Commodity Rolling Spot markets
TD Waterhouse Financial Spread Betting offers Rolling Spot Gold and Silver markets. These markets are priced using electronic competing market maker prices to determine an equivalent mid-price, which we then wrap our spread around.
How is financing calculated?
Financing is the cost of carry of the value instrument in which TD Waterhouse Financial Spread Betting hedges its exposure. For most products this is calculated by multiplying the full-value consideration by the financing rate minus the margin required when the trade was placed. The financing rate is expressed in terms of increment/decrement over/under LIBOR. *LIBOR is the widely accepted reference rate used by the banking system; it is different for each currency and reflects bank deposit activity. See example 1.
For FX Rolling Bets, the daily financing is calculated by using the one day interest rate differentials for the two currencies concerned. Effectively, you receive the interest on the currency you have bought and pay interest on the currency you have sold, although the financing posting/adjustment will be made in one currency. See example 2.
Example 1
A long rolling bet on ABC Plc
Opening bet
You think that ABC Plc share price will rise.
The current share price is 130.75 / 131 and the TD Waterhouse Financial Spread Betting quote is 130.6 / 131.1.
You decide to buy € 100 per point (equivalent to 10000 shares) at 131.1 (margin requirement €1,311).
Financing
The financing rate might be UK LIBOR +2.50%, which might equate to 7.00%(4.5% + 2.50%).

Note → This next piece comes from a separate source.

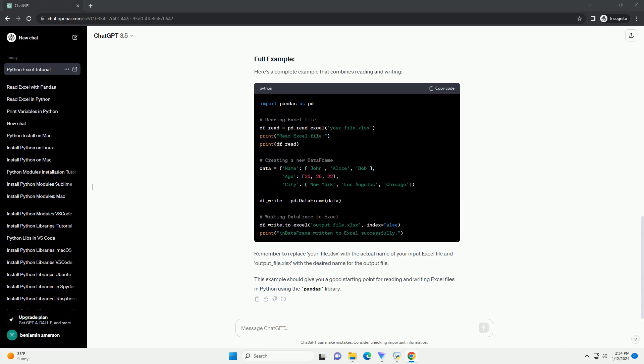Here's a complete example that combines reading and writing. Remember to replace your underscore file.xlsx with the actual name of your input Excel file and output underscore file.xlsx with the desired name for the output file. This example should give you a good starting point for reading and writing Excel files in Python using the pandas library.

Financing is only charged on the total consideration which isn't covered by the margin requirement i.e. 90% of the total consideration in the case of an instrument with a 10% margin requirement.
If the end of day price is 132, the overnight financing is calculated as follows:
90% x ((100 x 132) - 1311) x 0.07 / 365 = € 2.05
This will be debited from your account on the next trading day.
Automatic Rollover
| Closing bet: | Sell € 100 per point at 132 |
| Closing price: | 132 |
| Opening price: | 131.1 |
| Difference: | 0.9 |
| Profit: | € 90 |
| Opening bet: | Buy € 100 per point at 132 |
Closing bet
On the following day ABC Plc is trading at 135 /135.25 and the TD Waterhouse Financial Spread Betting quote is 134.9 / 135.4. You decide to close the position and sell € 100 per point at 134.9
| Closing price: | 134.9 |
| Opening price: | 132 |
| Difference: | 2.9 |
| Profit: | € 290 |
| Financing: | € 2.05 |
| Profit on bet: | (€ 90 + € 290 - € 2.05) = € 377.95 tax free* |
* Tax laws may change and depend on individual circumstances.
Example 2
If you had bought EUR/USD Rolling Spot, then the daily financing charge is the EUR one day deposit rate vs the USD one day borrowing rate (e.g. 2.25% - 4.08% = -1.83%)
| EUR/USD rate | = 11720 |
| Financing | = 11720 x -1.83% |
| /365 Days | = - 0.6 ticks |
If you had been long € 10 of EUR/USD Rolling per tick then the financing would have been - 0.6 x € 10 = € 6 debit to your account.
Quarterly Bets
Equity Quarterly Bets:
Equity Quarterly Bet prices are derived using the underlying cash market for the stock then applying financing and any dividend adjustments.
Index Quarterly Bets:
Index Quarterly Bet prices are derived using the price of the actual exchange quoted Futures market that the product represents.
Currency Quarterly Bets:
FX Quarterly Bets are priced using the appropriate spot rate for the market and deriving a forward price using the interest rate differentials between the currencies concerned.
Commodity Quarterly Bets:
Quarterly Bets are available on a number of UK and US based commodity markets such as gold, oil, copper and natural gas. Quarterly Bet prices are derived from the actual underlying commodity's Futures price from the relevant Futures Exchange.